Scientists reveal how mature trees could adapt to higher CO2 levels predicted for future climates  

Bangor University academics, working as part of an international consortium funded by the Natural Environment Research Council (NERC), contributed to research showing that mature trees can respond to the change of atmosphere by adjusting carbon allocation to promote “do-it-yourself” or “outsourcing” strategies for sourcing soil nutrients.  

The study, published in the Proceeding of the National Academy of Sciences (PNAS) was conducted at the University of Birmingham Institute of Forest Research’s Free Air CO2 Enrichment (BIFoR-FACE), which is a large outdoor forest research facility.  

Researchers discovered that trees growing in a CO2-rich atmosphere tactically use in-soil trading of carbon for nutrients.  

Perspex-sided root boxes, buried in the forest, allowed scientists to access the soil and roots below giant approximately 180-year-old English oak trees growing in an atmosphere containing over a third more CO2. This is what the atmosphere is expected to be like by the mid-21st-century.  

Measurements made after elevating CO2 in the forest for five years, showed that the oak trees increased their fine root branching systems by 73%. This “do-it-yourself” strategy helped the trees explore more of the soil at all times of the year to find and take up nutrients.   

The “outsourcing” strategies they used, which involve trade partnerships with the soil microbial community, showed distinct seasonal patterns.   

There was a 63% increase in the release or exudation of a cocktail of small organic molecules early in spring and autumn, which prime soil microbes to release nutrients locked up in soils, thereby meeting tree nutrient demands. There was also a 17% increase in the amount of symbiotic root-associated fungi in autumn.   

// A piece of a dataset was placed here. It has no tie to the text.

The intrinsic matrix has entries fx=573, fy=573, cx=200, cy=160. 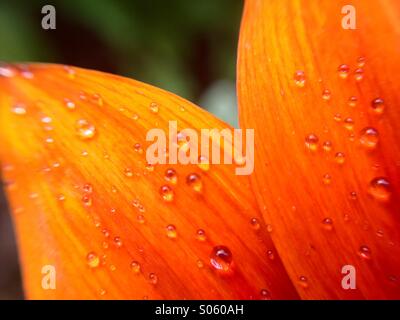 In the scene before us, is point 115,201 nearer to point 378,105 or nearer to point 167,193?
point 167,193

In addition, under elevated CO2, trees not only invested more carbon in their in-soil trading, they also altered the cocktail of chemicals released as root exudate, providing yet one more ‘outsourcing’ strategy to gain nutrients and sustain growth.  

Professor Andy Smith, from Bangor University’s School of Environmental & Natural Sciences said, “Forests have an important role as carbon sinks to help offset anthropogenic CO2 emissions. Our research reveals how forest growth can be sustained through novel below-ground strategies that maintain a sufficient supply of soil nutrients to continue assimilating atmospheric CO2 through photosynthesis and sequestering carbon.”  

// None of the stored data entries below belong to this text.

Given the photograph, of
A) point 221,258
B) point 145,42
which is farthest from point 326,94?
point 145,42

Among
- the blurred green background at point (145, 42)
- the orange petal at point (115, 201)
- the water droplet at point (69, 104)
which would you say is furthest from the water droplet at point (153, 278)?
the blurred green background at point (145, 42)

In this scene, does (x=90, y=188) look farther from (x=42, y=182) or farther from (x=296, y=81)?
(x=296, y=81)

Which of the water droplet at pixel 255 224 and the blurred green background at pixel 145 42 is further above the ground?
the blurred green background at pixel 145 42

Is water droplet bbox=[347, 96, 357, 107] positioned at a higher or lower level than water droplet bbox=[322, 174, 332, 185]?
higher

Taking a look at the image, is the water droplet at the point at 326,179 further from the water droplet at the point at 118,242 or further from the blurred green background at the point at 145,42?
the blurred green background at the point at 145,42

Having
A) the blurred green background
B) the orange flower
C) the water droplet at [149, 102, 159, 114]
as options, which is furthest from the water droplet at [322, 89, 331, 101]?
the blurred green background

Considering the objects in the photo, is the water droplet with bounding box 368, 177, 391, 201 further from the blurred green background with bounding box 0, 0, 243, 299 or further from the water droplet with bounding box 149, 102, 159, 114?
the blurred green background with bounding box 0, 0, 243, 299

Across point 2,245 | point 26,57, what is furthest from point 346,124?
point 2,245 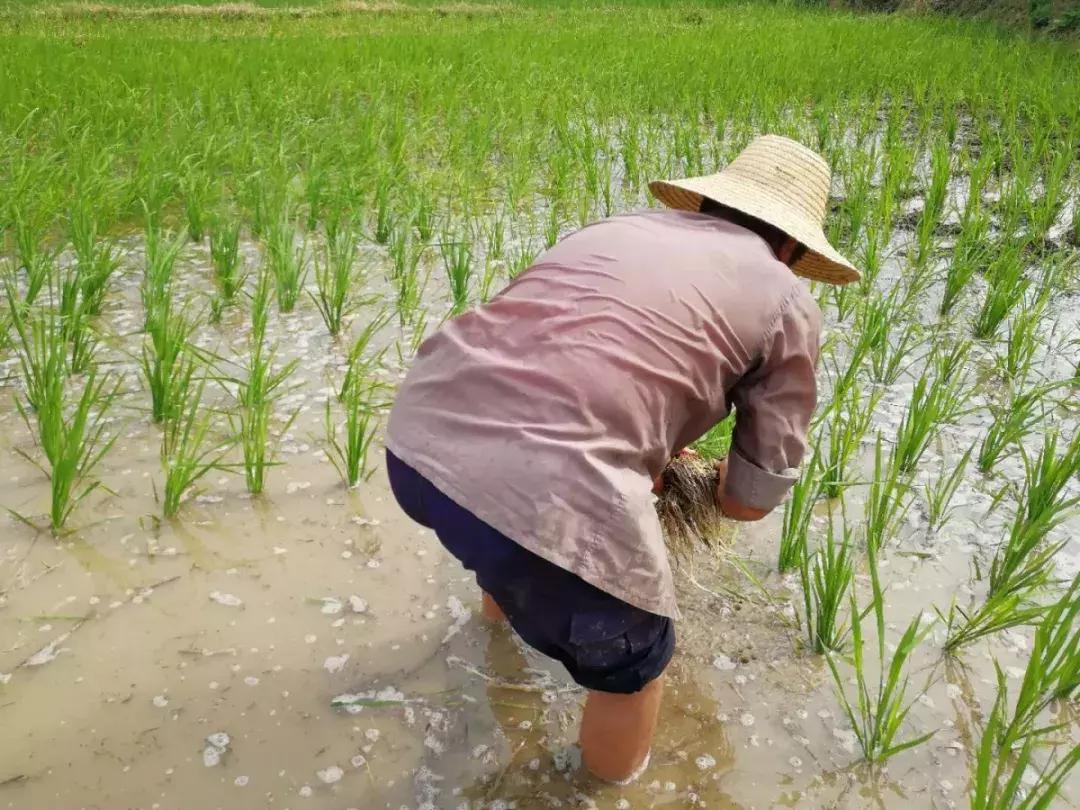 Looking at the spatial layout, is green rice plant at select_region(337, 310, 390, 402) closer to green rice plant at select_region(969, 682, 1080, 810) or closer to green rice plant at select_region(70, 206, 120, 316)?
green rice plant at select_region(70, 206, 120, 316)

Dr Michaela Reay, the lead author from the University of Bristol, who carried out the research for this study while at the University of Birmingham, said, “Roots do not simply take up nutrients and water from soils but rather exhibit smart and dynamic choreography, which involves highly specialised trade-offs with soil microbes via varied nutrient exploration strategies throughout the year.     

“These findings indicate that trees are more agile in optimising growth than previously thought and will continue to be agile under higher CO2 atmospheres as long as soil nutrient supplies are sustained.”   

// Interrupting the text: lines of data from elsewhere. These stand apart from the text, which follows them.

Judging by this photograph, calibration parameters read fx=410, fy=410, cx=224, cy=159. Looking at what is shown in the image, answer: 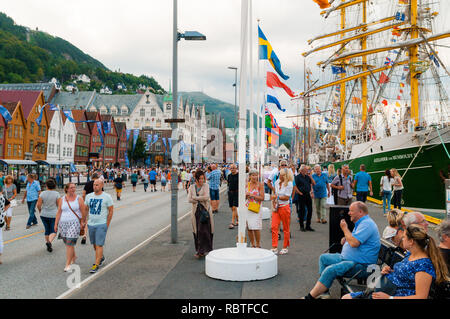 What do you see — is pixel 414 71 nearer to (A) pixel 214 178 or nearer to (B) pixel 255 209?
(A) pixel 214 178

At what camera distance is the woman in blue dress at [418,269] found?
3.96m

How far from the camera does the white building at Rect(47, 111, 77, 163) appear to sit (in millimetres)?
60812

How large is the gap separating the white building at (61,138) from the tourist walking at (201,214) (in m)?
52.9

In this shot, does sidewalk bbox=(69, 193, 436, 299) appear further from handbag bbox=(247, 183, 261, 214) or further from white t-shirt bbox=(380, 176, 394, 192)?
white t-shirt bbox=(380, 176, 394, 192)

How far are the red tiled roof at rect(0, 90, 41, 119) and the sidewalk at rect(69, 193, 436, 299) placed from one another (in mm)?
53122

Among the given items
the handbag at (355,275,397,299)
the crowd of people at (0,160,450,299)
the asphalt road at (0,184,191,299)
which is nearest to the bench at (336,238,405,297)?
the crowd of people at (0,160,450,299)

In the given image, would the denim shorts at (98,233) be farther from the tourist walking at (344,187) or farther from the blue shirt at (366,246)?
the tourist walking at (344,187)

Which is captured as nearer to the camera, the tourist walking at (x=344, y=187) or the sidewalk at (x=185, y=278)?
the sidewalk at (x=185, y=278)

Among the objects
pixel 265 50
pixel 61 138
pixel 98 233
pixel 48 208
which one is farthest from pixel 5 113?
pixel 98 233

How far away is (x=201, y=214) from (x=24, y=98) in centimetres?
5732

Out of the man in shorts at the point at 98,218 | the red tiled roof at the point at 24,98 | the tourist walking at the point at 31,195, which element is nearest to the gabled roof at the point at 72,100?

Senior author Professor Sami Ullah from the University of Birmingham said, “These mechanistic insights into how trees growing in future atmospheres acquire soil nutrients will have significant policy implications with direct relevance for climate mitigation initiatives such as the Paris Climate Agreement, the EU Green Deal, and the UK and EU net zero ambitions by 2050.”  

Since the nutrients available in soil are not unlimited, the question now remains whether the extra carbon investment of trees in nutrient acquisition may eventually exhaust soil nutrient stocks.   

Forest responses to enforced changes, such as higher atmospheric CO2, can take many years to reach a new balance point. The ongoing research at BIFoR-FACE will assess whether nutrient supplies can continue to meet tree nutrient demands.